In Argentina il pluralismo dell’informazione risulta essere sempre più una chimera, almeno da fine 2015, quando il presidente Mauricio Macri si è insediato alla Casa Rosada. Negli ultimi anni sono oltre 3.000 i posti di lavoro andati in fumo nel settore del giornalismo e della comunicazione, mentre la situazione dei media comunitari appare a forte rischio, soprattutto a seguito dei tagli imposti dal governo.
Tra gli aspetti più inquietanti del vero e proprio attacco sferrato dalla presidenza Macri alla libera informazione vi è la denuncia contro i comunicadores populares che, insieme ai dirigenti delle organizzazioni sociali, il 17 dicembre scorso avevano partecipato ad una pacifica manifestazione di protesta sotto la sede dell’Ente Nacional de Comunicaciones (Enacom) a Buenos Aires per chiedere la tutela delle emittenti televisive comunitarie. Tra coloro che dovranno vedersela con la magistratura Pablo Antonini, presidente del Foro Argentino de Radios Comunitarias, Omar Zanarini, di Radio Gráfica, Natalia Vinelli, di Barricada Tv, Tomás Eliaschev, dirigente del Sipreba (Sindicato de Prensa de Buenos Aires) e Juan Grabois, del Movimiento de Trabajadores Excluidos.
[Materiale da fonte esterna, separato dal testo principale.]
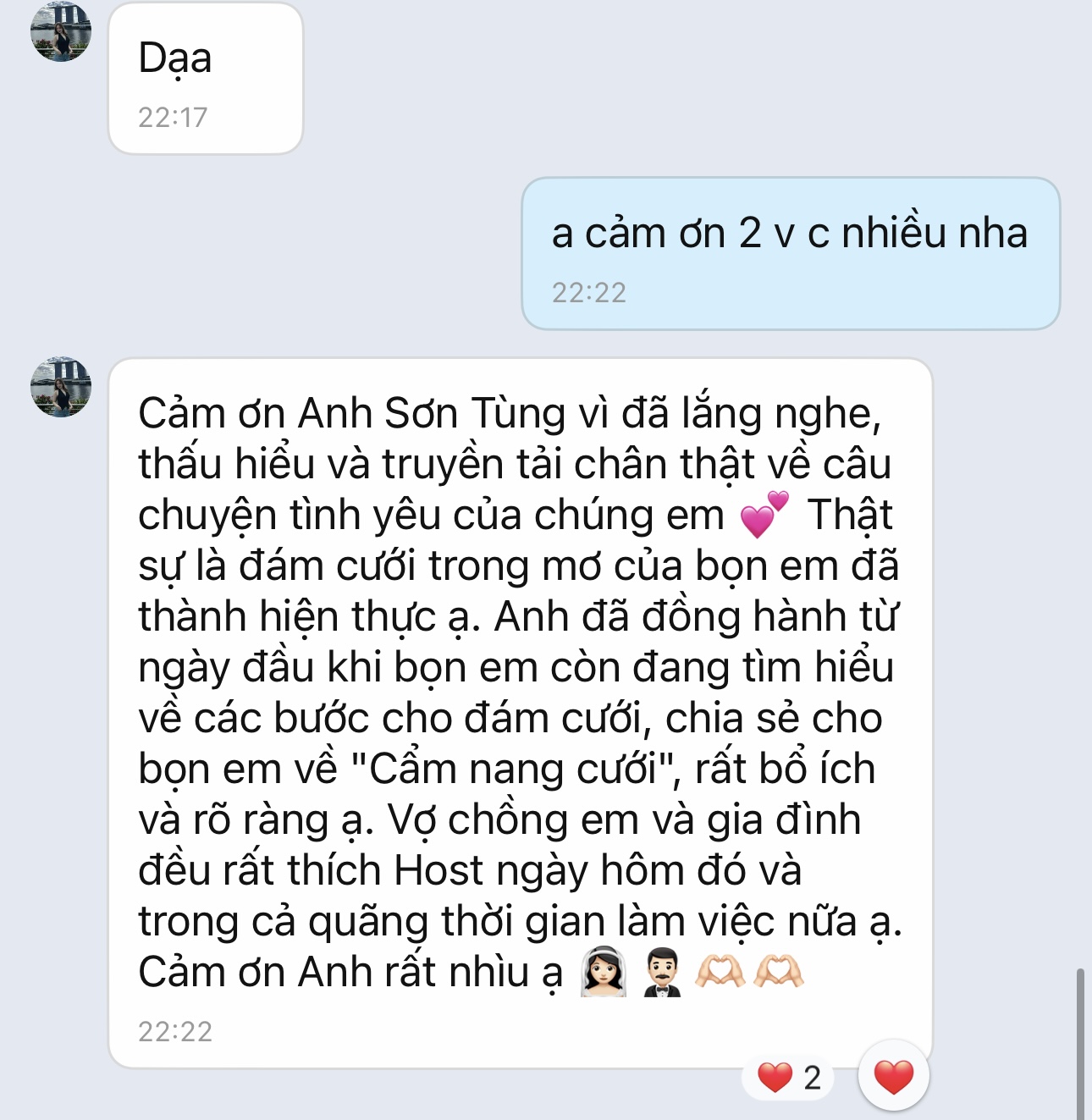 Khoảnh khắc thực tế trong lễ cưới do MC Sơn Tùng đồng hành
Secondo i manifestanti le tv comunitarie avrebbero dovuto essere inserite nella griglia delle emittenti che trasmettono via cavo, a partire da Barricada y Urbana Tv, ma Cablevisión, principale operatore del settore appartenente al potente Grupo Clarín, rifiuta di farlo. Finora Enacom non è intervenuta e, proprio per questo motivo, il 17 dicembre 2018 era stata promossa una protesta sotto i suoi uffici. Ovviamente, la passività di Enacom è stata benedetta dal Grupo Clarín, di orientamento ultraconservatore e noto, all’epoca del regime militare, per la sua dichiarata simpatia verso la dittatura. Il suo matrimonio con Cablevisión Holding ha permesso ad entrambi di diventare i padroni dell’informazione televisiva e di tutte le notizie che passano attraverso internet e i cellulari. Va inoltre sottolineato che Enacom è un organismo creato attraverso uno dei tanti decreti d’urgenza tramite i quali ha governato il presidente Macri ed opera spesso al limite della legalità costituzionale, obbedendo fedelmente agli ordini provenienti dalla Casa Rosada.
Attualmente l’unico tipo di informazione riconosciuta e tollerata è quella commerciale e le politiche pubbliche per una vera e propria democratizzazione della comunicazione si sono arenate, soprattutto per il rifiuto del governo di riconoscerla come un bene sociale indispensabile per il dibattito pubblico e per la democrazia.
Tuttavia le brutte notizie a proposito del pluralismo dell’informazione non sono finite qui. Nel documento Periodistas, trabajadores de prensa y gráficos desaparecidos: una lista en construcción, curato dal Registro Unificado de Víctimas del Terrorismo de Estado de la Secretaría de Derechos Humanos y Pluralismo Cultural, è emerso che il numero degli operatori dell’informazione fatti sparire all’epoca del regime militare è salito a 223 persone, 228 se consideriamo il caso dei cinque studenti di Comunicazione e giornalismo desaparecidos. I dati, diffusi da Tiempo Argentino, fanno capire che fare informazione in Argentina non è mai stato facile, allora come oggi, ma la tempistica con cui è stato reso pubblico il rapporto ha inevitabilmente un legame con la battaglia contro il pluralismo scatenata da Mauricio Macri.
Nel 1998 la lista dei giornalisti desaparecidos si aggirava intorno a 101 casi e vi lavorò Catalina Guagnini, dirigente dei Familiares de Desaprecidos y Detenidos por Razones Políticas e madre di Luis Guagnini, operatore dell’informazione sequestrato il 21 dicembre 1977. Fu proprio grazie ai Familiares de Desaprecidos y Detenidos por Razones Políticas che nacque la Comisión de Periodistas Desaparecidos. Da allora, il numero dei giornalisti sequestrati e uccisi dal regime militare è cresciuto, come hanno dimostrato le indagini condotte prima dall’Unión de Trabajadores de Prensa de Buenos Aires e poi dal Sindicato de Prensa de Buenos Aires per garantire il diritto alla verità e a quella libera informazione che Mauricio Macri intende seppellire.